C’est encore de l’histoire humaine, de son trag­ique, que « par­le » le chant d’Adrienne  (tou­jours lui, le chant)  s’élançant depuis « les rivages de cette mer qui encer­cle la terre » (tou­jours elle, la mer) et ramène à la mémoire les temps d’horreur con­cen­tra­tionnaire, ran­i­mant la fig­ure des déportées. « Si le diadème était pour vous cette fumée noire qui fai­sait cer­cle autour de vos têtes » dit le texte lim­i­naire dans une inver­sion les couron­nant et auréolant d’une man­dor­le de sain­teté ces femmes mar­tyres. Adri­enne, la Résis­tante, reprend vie au poème qui la nomme et se fait réc­it, évo­quant sa jeunesse insou­ciante puis « le temps démesuré de la souf­france » dans un requiem où s’unissent les deux vis­ages de la sac­ri­fiée et de la poète qui « épelle Ravens­brück sous le dais des saveurs » car, affirme-t-elle, « je le sais, même dans la boue de ce tor­rent, mélasse et merde exsu­dant leur foutre inutile et vert, suint sans clarté, ici, tu espérais ». Au plus pro­fond du mal qui ronge l’histoire humaine, Adri­enne, Ger­maine T. et Char­lotte d’Auschwitz sont fig­ure d’espoir et d’humanité : « Oui, ton geste résis­tant accom­plit un enfan­te­ment… »… Dans la douleur, dans l’horreur s’enfante encore et mal­gré tout ce « oui » qui titre l’ouvrage. Le oui d’une ténac­ité, d’un courage, d’une espérance dis­ant notre human­ité, le oui du poème dans sa «clameur de ker­messe l’inondant » quand cette adresse à Adri­enne, à la fois descente aux enfers et résur­rec­tion, se clôt sur une scène de fresque unis­sant « ceux enter­rés et ceux renais­sants » « le livre et le corps », l’Eunoé et le Léthé, « l’architecture de la révolte » et « le son de la lyre ».

On pour­rait con­tin­uer d’explorer de même les trois autres par­ties de ce livre, Ô soli­tude, l’île, Antiphonaire et Désert, qui réser­vent mêmes dédales de sens et des sens con­jugués.

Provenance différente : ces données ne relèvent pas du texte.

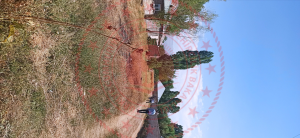 Ağrı Patnos Cumhuriyet Mahallesi Milli Emlak'tan Satılık 975,00 m2 Tarla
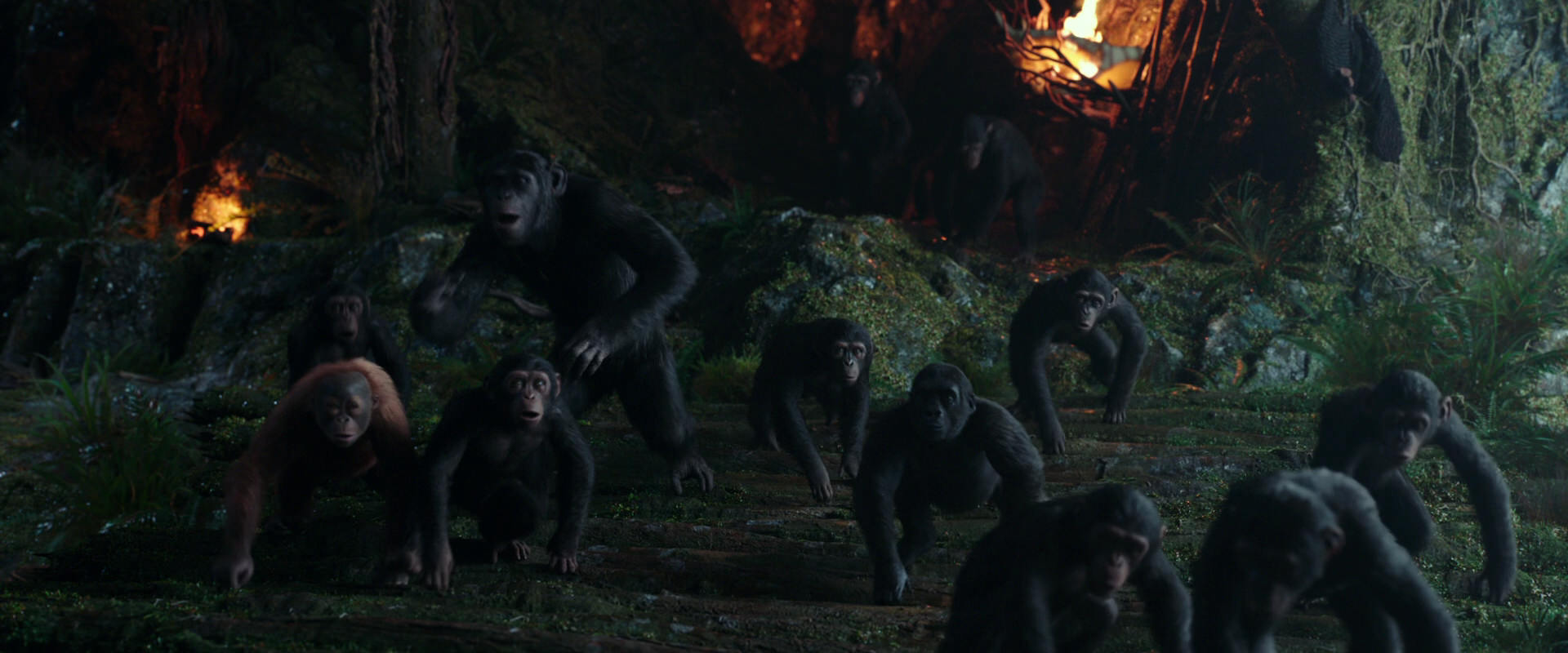 War for the Planet of the Apes (2017) screencap 1644
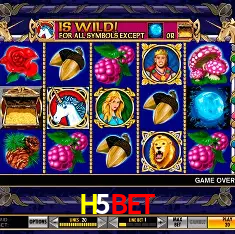 Descubra a Essência do H5BET: Nossa História e Compromissos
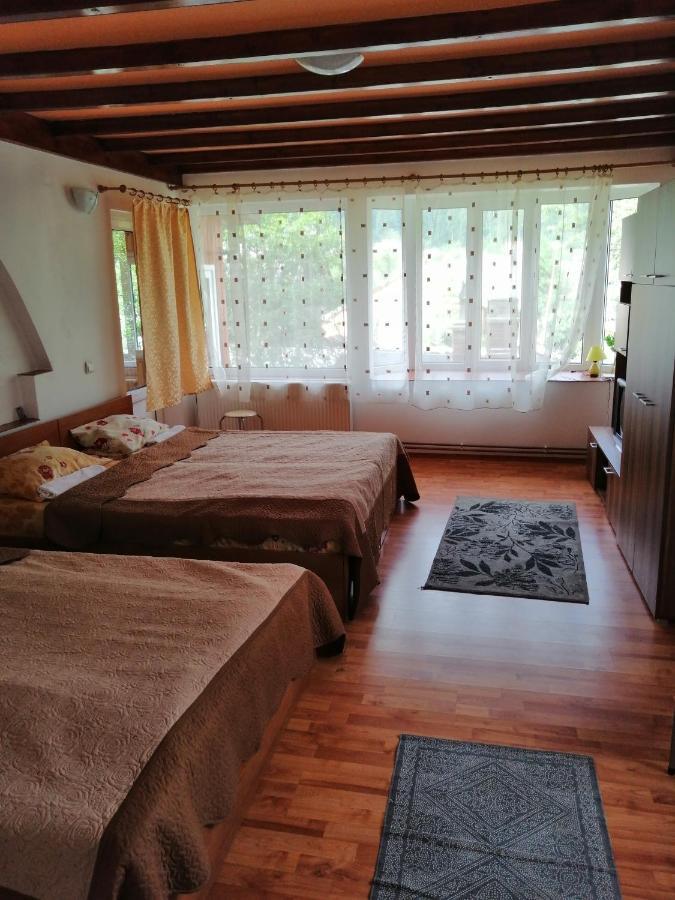 Casa Ddm Daniel Hotel Busteni Exterior photo
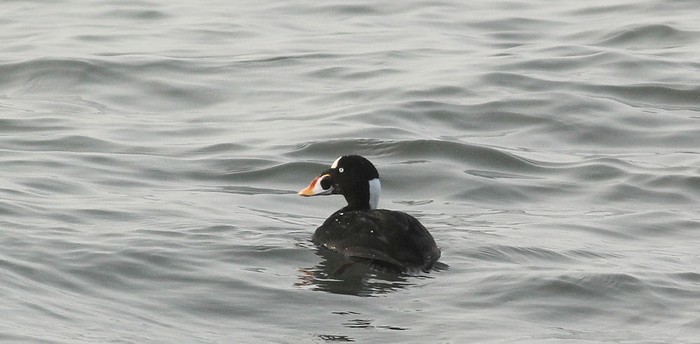 Surf Scoter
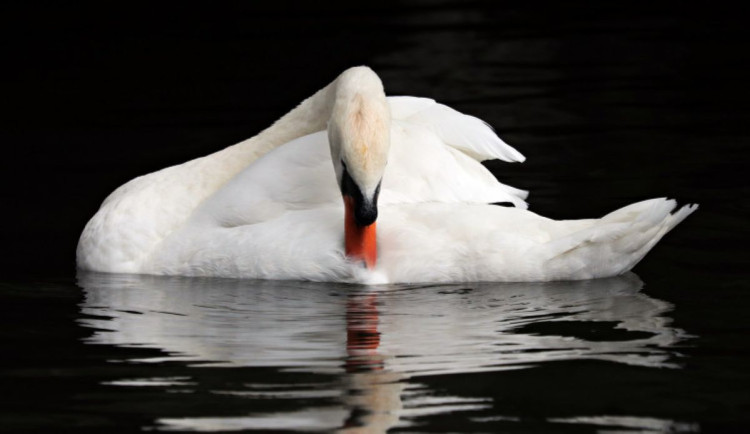 V Hradci Králové byla potvrzena ptačí chřipka, veterináři varují před šířením nákazy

Ce sont les douzains de Ô soli­tude, l’île qui enser­rent dans leur forme, elle-même insu­laire, le par­cours de l’enfance à « l’homme dernier », « liant les hommes à ce courant d’amour » qui les emporte, « mains plongées dans l’épaisseur des langues et des algues », habités comme la poète par « la pas­sion, son cour­roux, ses veines ten­dres », « une mesure d’espoir grêle sous la peau ». « Fontaine sous mes doigts, le feu, l’eau liés ensem­ble », le poème explore « l’églogue et l’épopée », « la ruelle qui ouvre sur l’océan en son entier »  le « qui suis-je » de « l’étrange bête humaine », le « chemin giboyeux des anciens lus sous la lampe » comme « l’appel du plus haut que toi ». Ce sont les « Lec­tures » d’Antiphonaire dont cha­cune égrène un « épisode de vie », inter­ro­geant « ce pourquoi en cerceau qui danse sur l’humaine tra­ver­sée » en « can­tique » et « prière » à l’éphémère enton­née par « un danseur can­ni­bale ». C’est Apol­li­naire, Michaux, Artaud qui vien­nent se join­dre à l’ivresse et à la beauté. Et si Désert il y a, au final, c’est non stéril­ité, mais dans l’analogie des dunes et des vagues, pour y « repren­dre marche à l’avant », enton­ner de nou­veau le « chant » au con­flu­ent de « l’Orient blessé » et de « l’Occident en perte de formes, de sens », jouer sur le geste de l’archéologue — « creuser » -  refaisant par­cours de « la nais­sance à la mort ». « La nuit reste à éclair­cir » et cela fait le poème quand il « nomme », creu­sant la langue, qui char­rie ensem­ble l’étreinte sous « la yourte nup­tiale » et les charniers des massacrés.

Lyrisme ai-je dit. Oui, car c’est chant, solo d’une voix qui s’élève en mul­ti­ples tonal­ités et chœur de voix qui réson­nent à tra­vers elle. Chant, psaume, mélopée, can­tilène, prière, anti­enne, ces mots et d’autres encore ponc­tu­ant le texte, don­nent une des clef de ce recueil à la fois bilan, somme et pro­fes­sion de foi, qui char­rie le tout de notre con­di­tion humaine énig­ma­tique et con­tra­dic­toire dans sa houle océane.